Orhan Bey başını kaldırıp Koray'ı gördüğünde,
"Bu saatte seni buraya hangi rüzgar attı oğlum?"
Koray kaşlarını çatarak; "Miray'a neden Elif için hisseleri alacağımı söyledin! Yine ne amaçlıyorsun dede! Ya sana inansaydı ne olacaktı!"
Orhan Bey yutkunduktan sonra; "Demek hepsini sana anlattı."
Koray daha çok kızmıştı. "Bana hiçbir şey söylemedi. Ben duydum dede ve inanamadım, nasıl hayatımı mahvetmek için bu kadar uğraşabilirsin aklım almıyor! Hisselerini alacağım da ne demek! Bu ne demek dede!"
Orhan Bey:"Sakin ol Koray!" dedi ve oda ayağa kalkıp yanına kadar geldi.
Elini omzuna attı.
Orhan Bey:"Hepsini senin için yapıyorum. O hisseleri zaten alacağız. Dediklerimin hiçbiri yanlış değildi. Şirketi araştırdım bizim yardımlarımız olmasa o şirket bugün batacak durumda."
Koray dedesine kararlı bakışlarla baktı.
"O şirket batmayacak!"
Orhan Bey gülmüştü. "Yaptığın ödemeleri kesersem ortada şirket bile kalmayacak! Sen ise hisselerini alacağını söylediğime kızıyorsun!" dedikten sonra,
"O şirketin hisselerini o kızdan alacaksın Koray! O kız yüzünden yeterince zarar ettik!"

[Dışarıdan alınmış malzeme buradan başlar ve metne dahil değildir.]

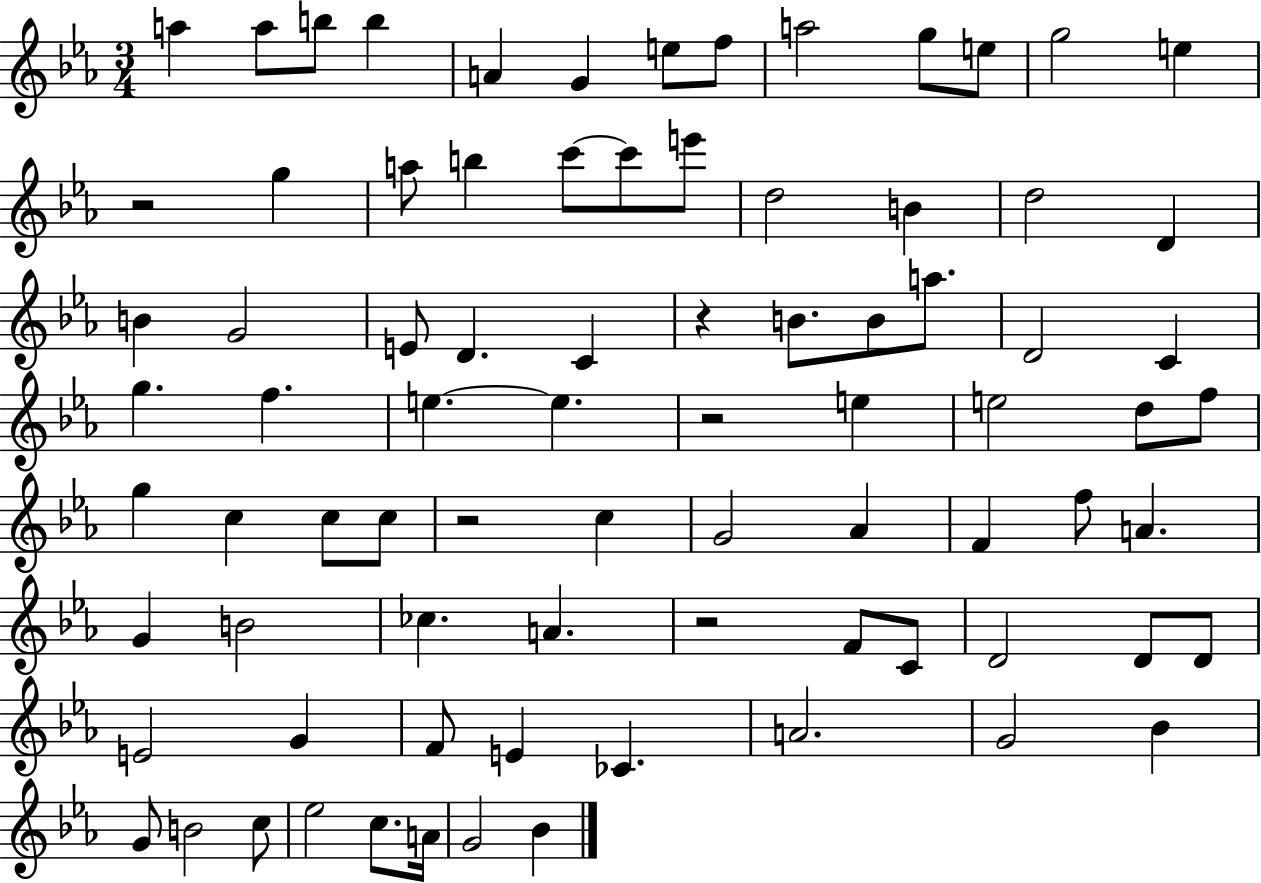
X:1
T:Untitled
M:3/4
L:1/4
K:Eb
a a/2 b/2 b A G e/2 f/2 a2 g/2 e/2 g2 e z2 g a/2 b c'/2 c'/2 e'/2 d2 B d2 D B G2 E/2 D C z B/2 B/2 a/2 D2 C g f e e z2 e e2 d/2 f/2 g c c/2 c/2 z2 c G2 _A F f/2 A G B2 _c A z2 F/2 C/2 D2 D/2 D/2 E2 G F/2 E _C A2 G2 _B G/2 B2 c/2 _e2 c/2 A/4 G2 _B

Koray kızarak; "Böyle birşey olmayacak dede! Bunu yapamam! Üstelik şirket bize zarar ettirmiyor. Sende biliyorsun şirketin iflas durumunda olmadığını!"
Orhan Bey:"Farkında bile değilsin değil mi? Sen almasan Ömer alacak o şirketin hisselerini.. O kız daha bir şirketi bile yönetemiyor. İflas durumuna gelince elindeki hisseleri de satacak! Ya hisselerini alırsın Koray ya da ben o şirketi iflas ettiririm."
Koray:"Neden yapıyorsun bunu!"dedi kızarak..
"Bunu yapınca ne geçecek eline" diye bağırdı.
Orhan Bey:"Sevgi insanın gözünü kör eder derler oğlum. Bu yüzden ileride yanlış yapıp daha çok üzülmeni istemiyorum. Yanlışın neresinden dönersen kârdır!"
Koray:"Hisseleri alınca ne olacak dede!"dedi ciddi bir yüz ifadesiyle..
Orhan Bey:"O şirketi de sen yöneteceksin!"
Koray:"Ben zaten o şirketin yöneticisiyim. Üstelik Miray benim sevdiğim kadın!"
Orhan Bey:"O kadın senin hiçbir şeyin değil Koray! Senin evleneceğin kişi Eliften başkası değil!"
Koray gülmüştü.
"Kabul etmesende bu değişmeyecek!" dedikten sonra arkasını dönmüş gidiyorken,
Orhan Bey:"Bugün işlemleri başlattım. Yaptığın ödemeleri bugünden itibaren kesiyorum Koray!"dediğinde Koray elini yumruk yapıp sıkmıştı.
Tekrar dedesine döndü.
"Bunu yapamazsın! Artık şirkette hiçbir söz hakkın yok!"
Orhan Bey:"Gerektiğinde yaparım Koray! Unutma o şirketi ben bıraktım sana!"
Koray hayal kırıklığı ile dedesine baktı.
Koray:"Tamam istediğini yapıcam. Ama bana biraz zaman ver!"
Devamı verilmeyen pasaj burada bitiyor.